Exercise details: Without including any images, output the listing below exactly.

Exercise data:
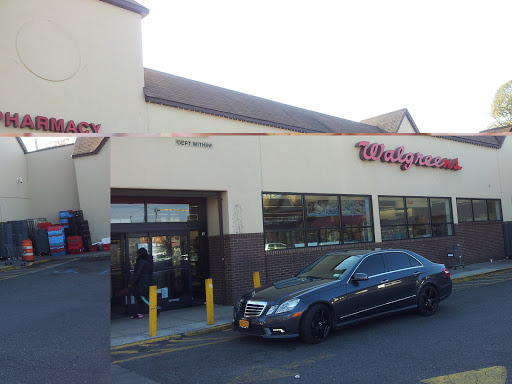 Drug Store «Walgreens», reviews and photos, 10962 Francis Lewis Blvd, Queens Village, NY 11429, USA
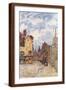Brown Frame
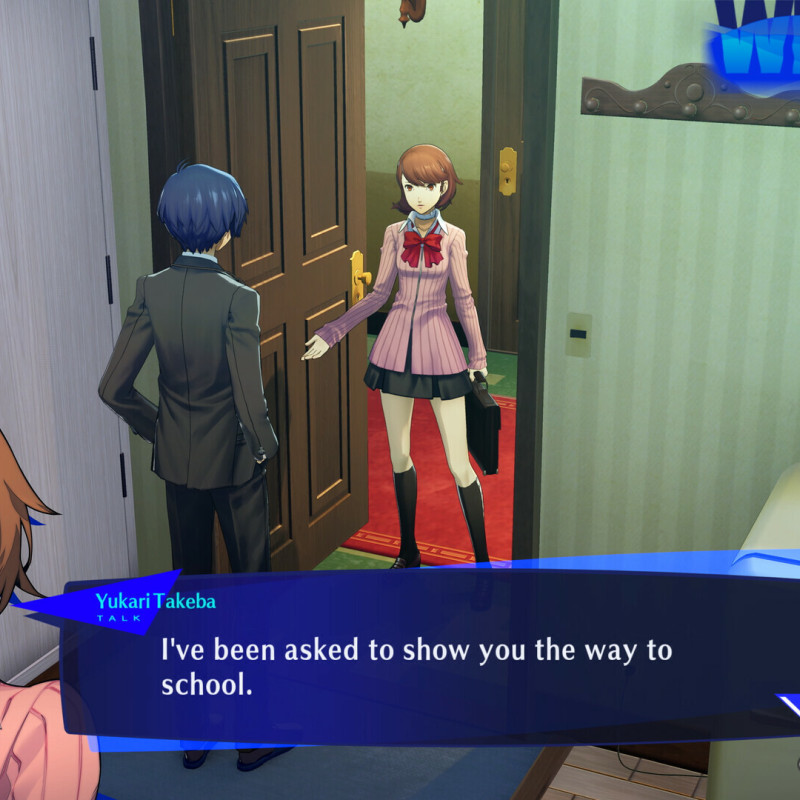 Persona 3 Reload | Digital Premium Edition (PC) - Steam Key - NORTH AMERICA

Your solution:
 Drug Store «Walgreens», reviews and photos, 10962 Francis Lewis Blvd, Queens Village, NY 11429, USA
Brown Frame
 Persona 3 Reload | Digital Premium Edition (PC) - Steam Key - NORTH AMERICA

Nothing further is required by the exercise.